I got “Most Athletic” but for some reason some Islanders kept telling me who they thought should of gotten most athletic, everyone had a better idea who should of gotten it but me, but after they would give me their choices, I asked them who they voted for. They would say they voted for me. Then, why are we having this conversation?
Even Mrs. B started with me as soon as I walked in to my indentured servitude for the period. She first said that “When did you play soccer for me?” and I said, “never, it was a mistake, I just wrote soccer”, Then, she went on and said that I shouldn’t have gotten most athletic, and I should of gotten most humorous. She mentioned how Aplus should have gotten “Most athletic because she played three sports all four years. That was her only reason, that she played three sports all four years. What does participation have to do with athleticism?
I told Mrs. B. “Okay, but I was voted, so I don’t know.” She only wanted Aplus to get it because she personally liked her. That is cool, but that has nothing to do with seniors voting for their friends. It is not like, a thing you can put on a resume. Unless you actually go and put it on a resume; I continued and said that she played sports all four year, and that really good, but I’m really good at the one sport I did all four years, and I can still go on and be good in college, when they let me try out.”
She was not hearing that, and she went on and made other suggestions on who should have gotten ‘Most Athletic’ she said she really did not think I was athletic.
I was nodding my head, on the inside I thought, way to dampen something I’m excited about.
In addition, I have seen her all her suggestions in ‘athletic action’ during PE athletics last year.
I realized that she gets star struck by the popular crowd, and I understand I do too; I get star struck on campus, every day. However, there is a huge difference between athletic talent, and athletic participation.
I’m fine with her thinking I am not athletic.
I suck at not trying as hard as I should, and being lazy. But me at lazy would be most at their peak.
It was ok to not pay attention, until lunch, when some of the islanders repeated Mrs. B’s sentiments.
It was frustrating; I did not want to hear it. No other category came into question.
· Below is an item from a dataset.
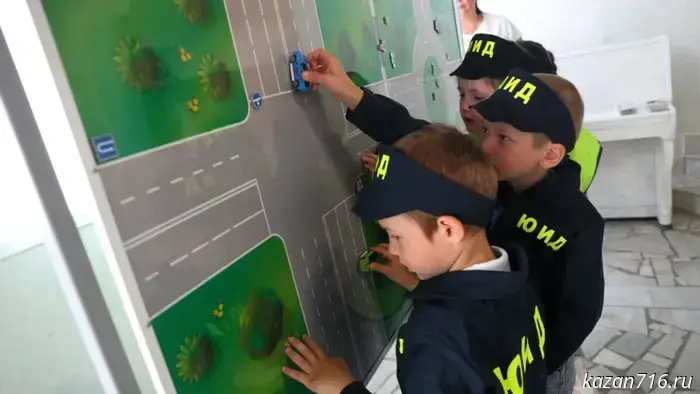 В «Камском Артеке» состоится смена для юных инспекторов дорожного движения из Татарстана.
It was nice, the acceptance of the school casting couch choices in yearbook form. That was some of the choices only way, especially for two of the categories.
Like a casting couch, all you have to do is have sex with the director and you get a part you are not prepared for. The producers were not even considering you, just to let you know, but since you blow well, here you go. A part of undeserved history.
For the icing on the top is get an ethic friend that will validate your whinny, insufferable nature.
I did not get upset that my season did not end up the way I wanted it to, because for me, there is always next year. Wherever I go, there is a next year’s track season. I still have seasons coming up, that makes me extra deserving,
These are not the best years of my life, MtV is making being in high school look fun and sexy, but it is not fun and it is not sexy. I feel sorry for anyone who thinks high school is the best years of our life. This can’t possibly be it.